Un territorio che cambia sguardo e costruisce nuove opportunità
Attorno al progetto si è formata una rete di relazioni che ha coinvolto negozi, bar e ristoranti del territorio, disponibili a ospitare piccoli punti vendita delle piantine aromatiche. Per gli esercenti non si è trattato di un gesto di benevolenza: “Hanno aderito perché il prodotto era buono e perché c’era una storia credibile. Il territorio risponde quando vede serietà e impegno”, spiega Di Santo. Lo slogan scelto, “Coltiviamo sapere e raccogliamo consapevolezza”, esprime la volontà di far crescere una cultura del lavoro inclusiva, capace di riconoscere la pluralità delle competenze. Nelle scuole della zona sono stati organizzati incontri per sensibilizzare studenti e insegnanti, mentre i giovani coinvolti hanno partecipato a convegni e iniziative pubbliche.
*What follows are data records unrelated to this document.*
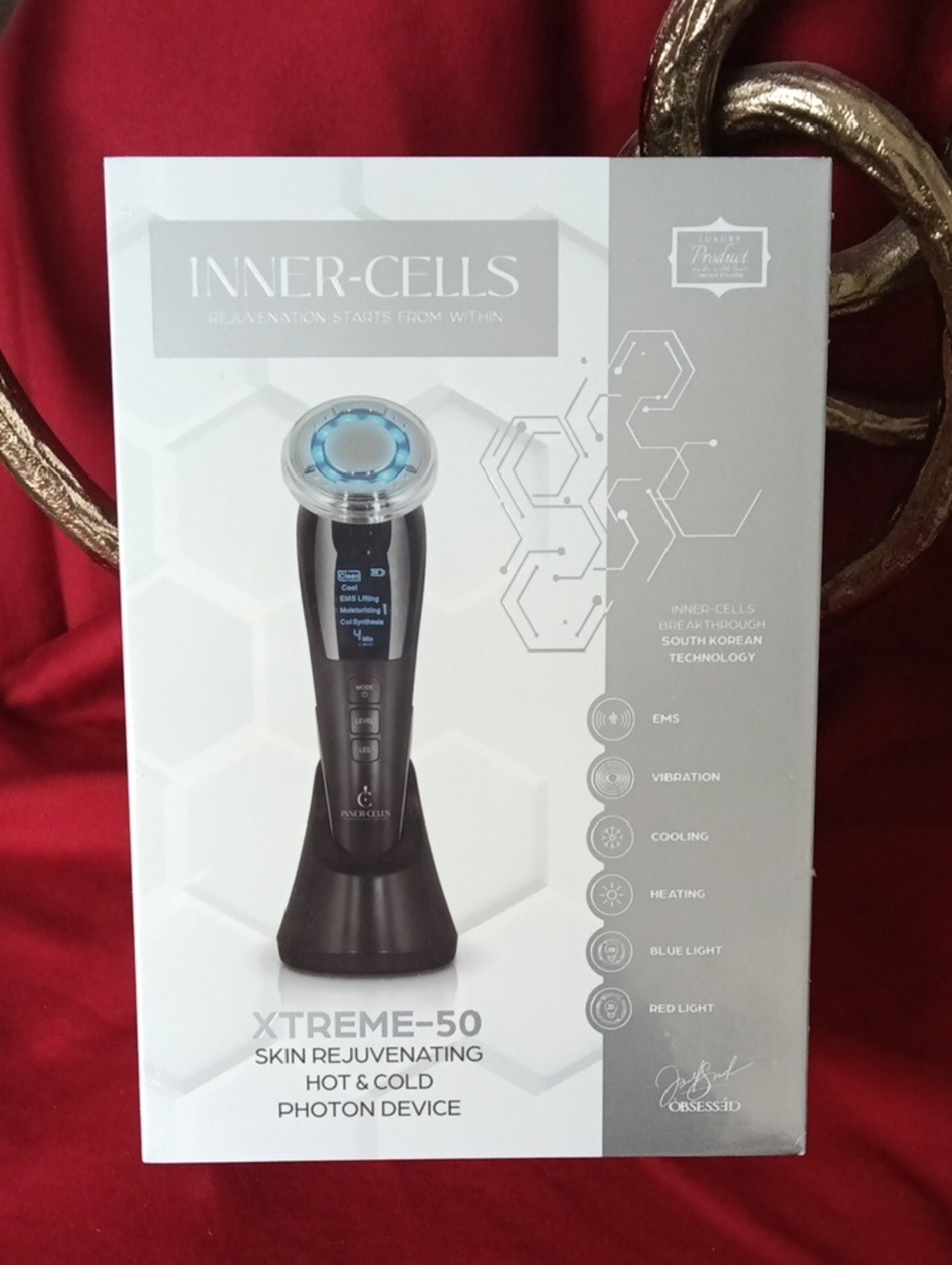 Xtreme-50 Skin Rejuvenating Device - Black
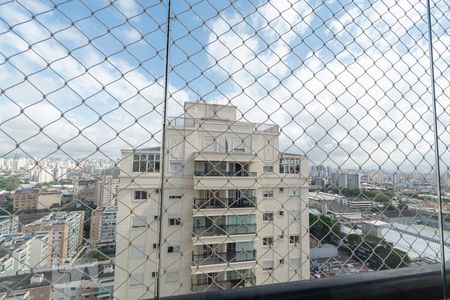 VISTA VARANDA SALA de apartamento para alugar com 3 quartos, 84m² em Mooca, São Paulo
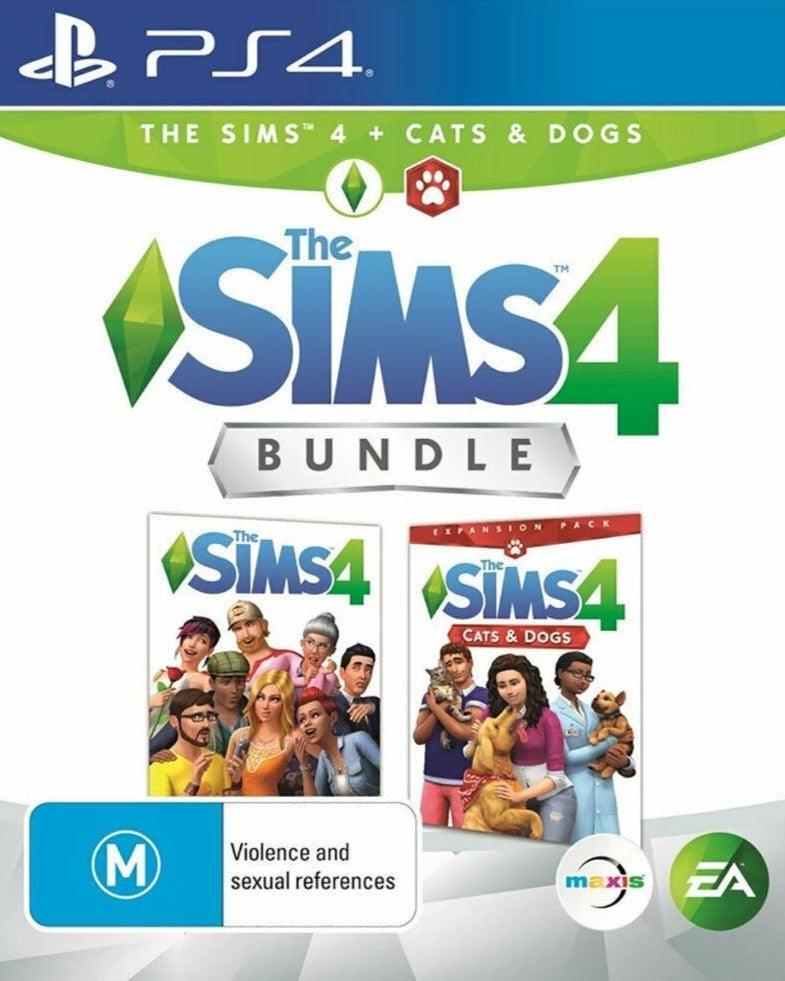 The Sims 4 + Sims 4 Cats & Dogs Bundle - Playstation 4 - GD Games 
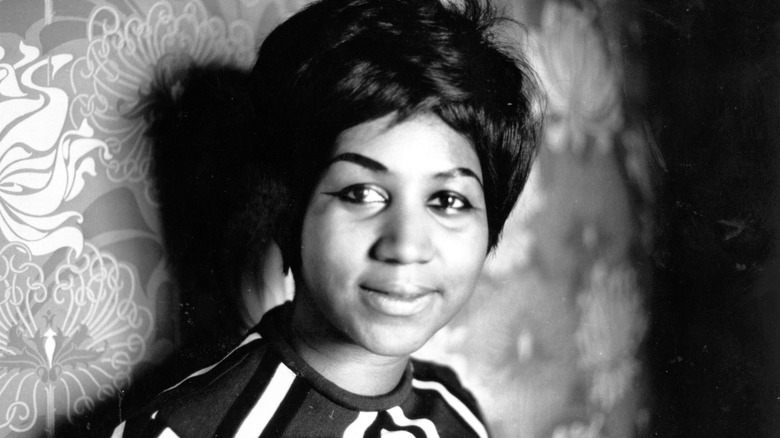 Aretha Franklin poses for a picture in the early '60s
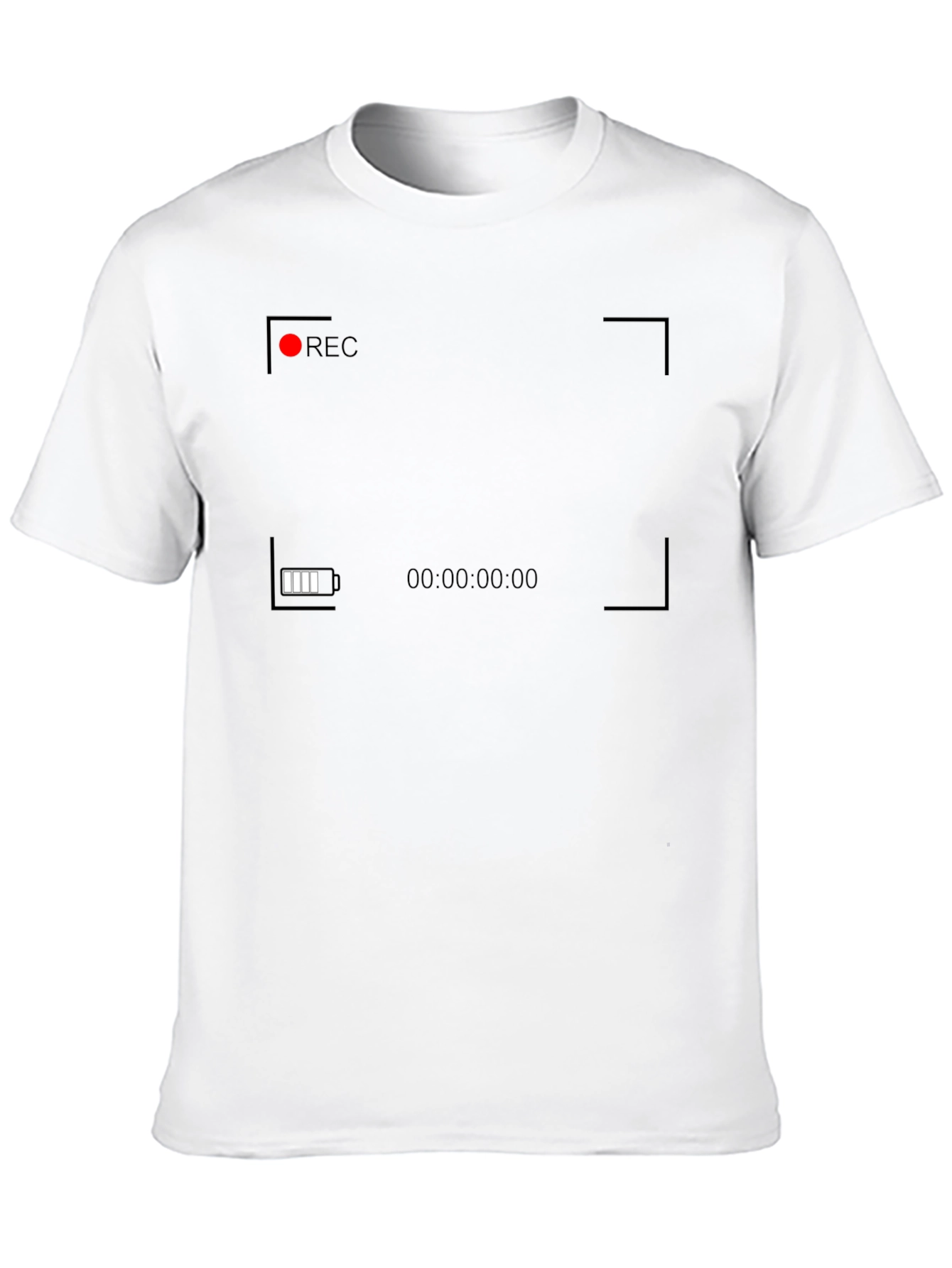 Black Camcorder Screen Graphic T-Shirt view 10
“Ora, conclusi i fondi iniziali, la sfida è la sostenibilità: dal prossimo anno l’azienda vivaistica potrebbe assumere direttamente alcuni ragazzi, segno che il percorso ha generato fiducia e valore.”
“Rispetto a quindici anni fa, quando parlavamo di inclusione quasi solo in teoria, oggi è più semplice trovare aziende sensibili. Serve ancora molto, ma qualcosa si muove”, osserva Di Santo. Per lui, l’obiettivo ultimo non è solo l’inserimento lavorativo, ma la costruzione di un’identità adulta: “Una persona non è definita dalla diagnosi. È definita da ciò che può fare. Se il lavoro diventa un luogo che riconosce e valorizza le potenzialità, allora l’inclusione smette di essere un concetto astratto e diventa una realtà possibile”.